İddianın dinde yeri olmadığı gibi erken dönem kayıtlarda da geçmediğini aktaran Prof. Dr. Balcı, "Bu çok çok sonradan üretilen birtakım iddialardan başka bir şey değildir. Bir kısım kaynaklarda yer aldığı için bazı insanlar da kaynaklarda vardır ve doğru zannediyor ama bu hezeyan doğru değil" değerlendirmesinde bulundu.

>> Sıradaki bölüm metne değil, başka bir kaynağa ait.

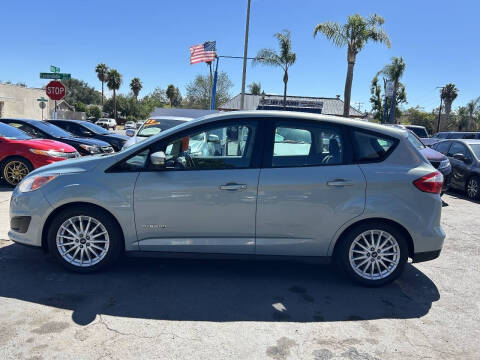 2013 Ford C-MAX Hybrid SE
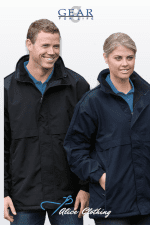 GFL Plain Basecamp Anorak ANP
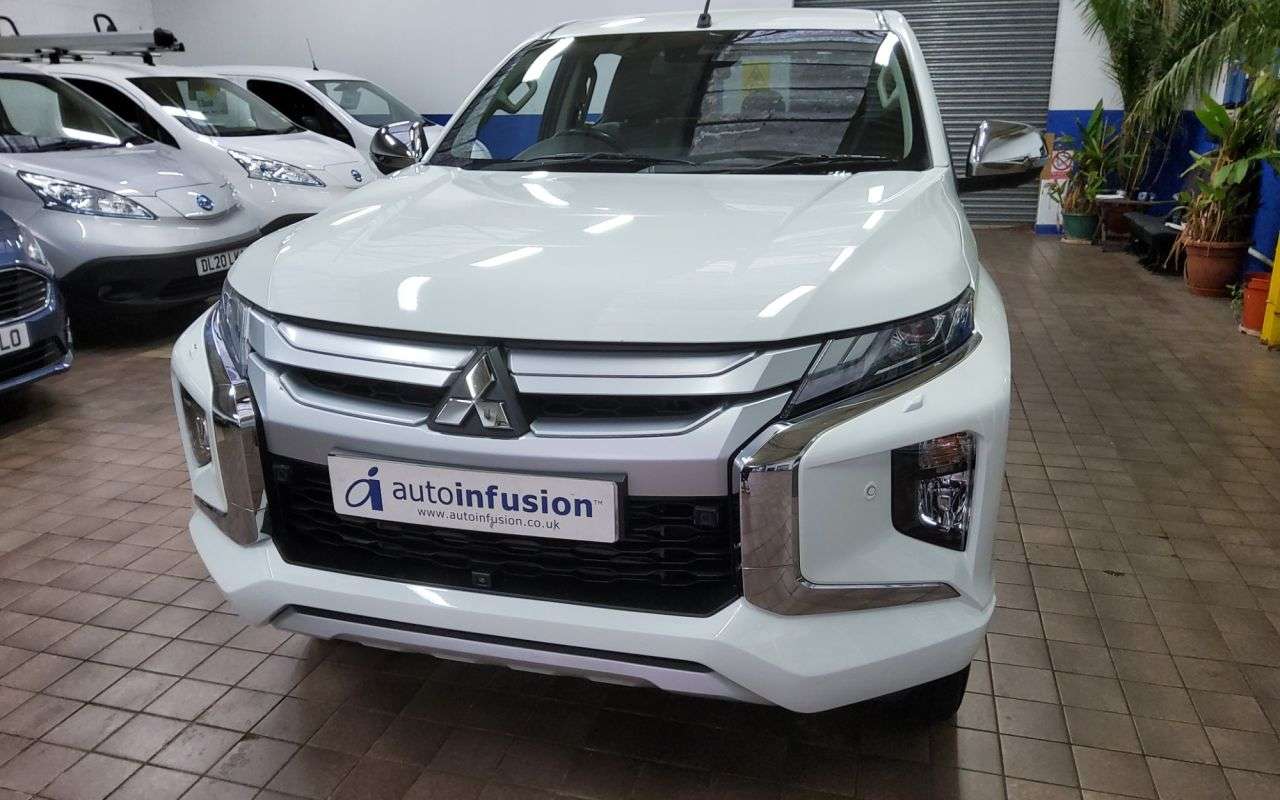 2019 MITSUBISHI L200 2019 MITSUBISHI L200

Geçmişte FETÖ''nün de benzer bir iddiada bulunduğunu ve Diyanet''in bunu sapkınlık olarak değerlendirdiğine vurgu yapan Balcı, "Ama şimdi aynı iddiayı bu sefer Diyanet''in çalışanı sunuyor ve bu topluma imamlık yapıyor, bu konuda herhangi bir açıklama yapılmıyor. Söz konusu iddia son derece anlamsız olduğu gibi çelişkili de. Bir kere bunun düzeltilmesi gerekiyor. Bir iddianın bir kaynakta var olması onun doğru olduğu anlamı çıkmaz. Bunun önce akla, vahye, inandırıcılığa ve tarihi gerçeklere uygun olup olmadığı irdelenir, sonra görüş beyan edilir" uyarısında bulundu.

"BUNUN DİNDE YERİ YOK, LÜTFEN HALKIMIZ İTİBAR ETMESİN"

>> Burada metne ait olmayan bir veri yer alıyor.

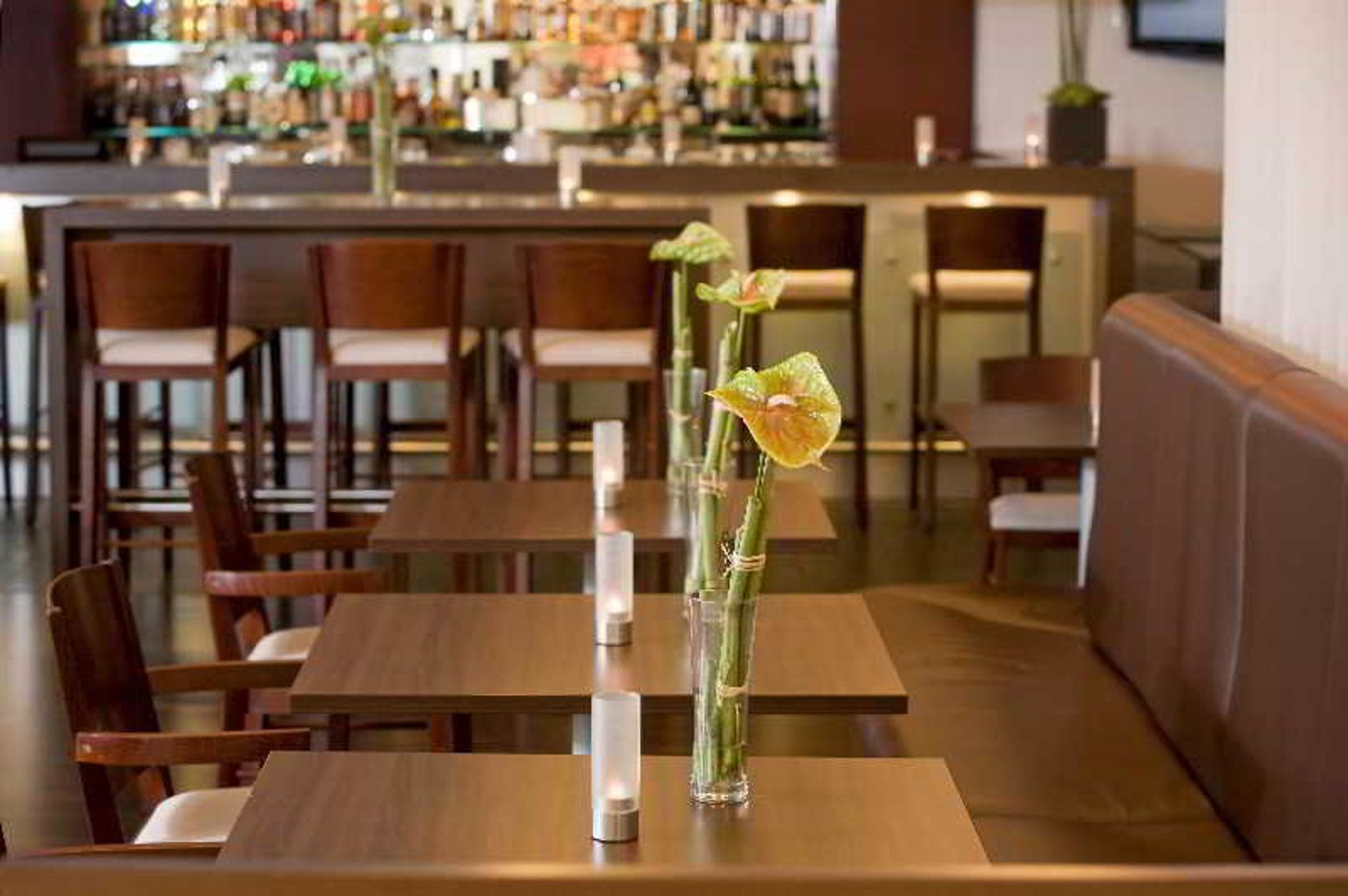 Mercure Hotel Duesseldorf Sued - Germany - DUESSELDORF - Bar - 8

Din konusunda uzman olmayanların benzer açıklamalarda bulunmaması gerektiğini, çünkü insanların bu tür açıklamalara itibar ettiğini dile getiren Balcı, "İtibar edilince de fecaat ortaya çıkıyor ve bu sefer de dine dışardan bakan insanlara sürekli malzeme veriliyor ve bu dine zarar vermekten başka bir şeye yaramıyor" dedi ve sözlerini şöyle tamamladı:

Ezcümle, erken döneme ait kaynaklardan bu tür iddiaların hiçbirisine rastlanmaz, böyle bir şey yok. Bu ne sahabenin ne tabiinin ne de daha sonraki alimlerin gündemine gelmiştir. Bu birileri tarafından üretilmiş bir şeydir. Nitekim ilgili zat bu iddiayı savunurken Süyüti''den (Celâleddîn Süyûtî, Arap din bilgini) alıntı yapıyor. Süyüti ise oldukça geç döneme ait bir kaynak. Dolayısıyla oldukça geç döneme ait bir kaynakta bir iddia var diye bunu getirip insanlara bilgi diye sunup, hele hele dini değerler üzerinden bu tür fecaatlere yol açmak dine zarar vermekten başka hiçbir anlama gelmiyor. Şiddetle kınıyorum. Bunların dinde yeri yoktur. Lütfen halkımız bunlara itibar etmesin."